Toda essa discussão sobre longevidade _ muito ligada aos avanços da medicina e da ciência, com novos controles epidemiológicos _ conecta-se a outro tema extremamente relevante e que precisamos enfrentar como nação: estamos perdendo o bonde do bônus demográfico. E esse era um bonde que poderia, verdadeiramente, nos levar mais longe.

Trata-se de uma imensa vantagem termos uma população predominantemente (ainda) jovem apta ao mercado de trabalho. São eles que, bem preparados e produzindo, têm condições de levar o Brasil a outro patamar de desenvolvimento.

Em breve, em 2030, essa janela de oportunidade vai se fechar e teremos mais idosos do que jovens para arregaçar as mangas e produzir, para botar seus cérebros para funcionar. Em recente entrevista, o professor José Eustáquio Alves, demógrafo do IBGE, apresentava os números: o Brasil tem hoje 81% da sua população em idade de trabalhar. Ou seja, é um passaporte para um futuro digno, de qualidade. Mas, para atingir o patamar de economias desenvolvidas, seria preciso ter 70% desse contingente ocupado. Temos quanto? Metade. Estamos jogando fora uma chance ímpar. Diz o professor que precisaríamos abrir 22,7 milhões de postos de trabalho para dar conta de botar essa moçada para produzir um país melhor.
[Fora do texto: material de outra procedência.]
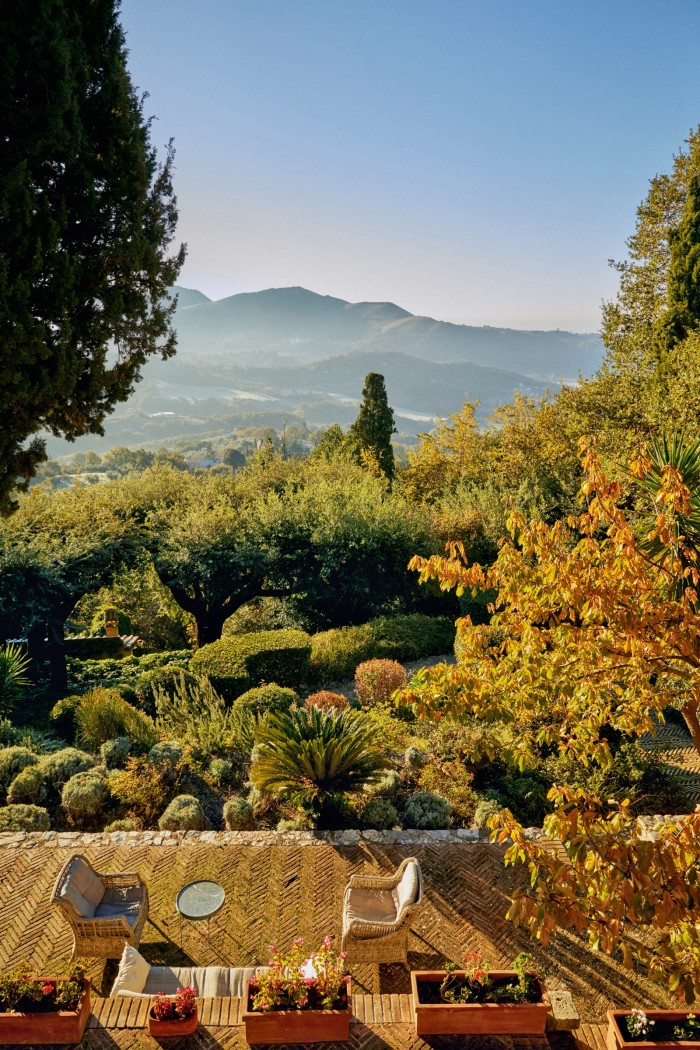 The view of the hills from Castel San Pietro, Cornelia Lauf’s home in Sabina, Italy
É verdade que, até há pouco tempo, o Brasil registrava as menores taxas de desemprego da sua história. Bingo! Mas esse quadro está mudando rapidamente. Nos últimos 12 meses, perdemos quase um milhão de postos de trabalho.

Repetindo as palavras do professor José Eustáquio: estamos ficando velhos antes de nos tornarmos ricos. Nós e o Brasil.

Torna-se imperioso entender o quanto todas essas questões estão intrinsecamente ligadas. E digo isso porque não cabe ao Estado apenas e tão somente arranjar dinheiro aqui ou acolá para pagar as aposentadorias em dia. É preciso estruturar uma rede de saúde decente e um sistema de transportes eficiente para que a população idosa possa embarcar num ônibus ou num metrô com segurança. É preciso até mesmo ter calçadas mais seguras para que os nossos idosos possam caminhar em seus passos lentos ou locomover-se numa cadeira de rodas.

Precisamos, enfim, de uma rota segura para não tropeçarmos nas pedras do caminho.

 

Cristina Alves

Cristina Alves é jornalista formada pela UFRJ, tem especialização em Políticas Públicas, Gestão e Liderança e está concluindo um MBA em Petróleo e Gás na Coppe. Com mais de 20 anos de experiência em redações, foi editora de Economia do GLOBO e hoje é sócia-diretora da empresa Nau Comunicação. Tem dois filhos e espera viver muito.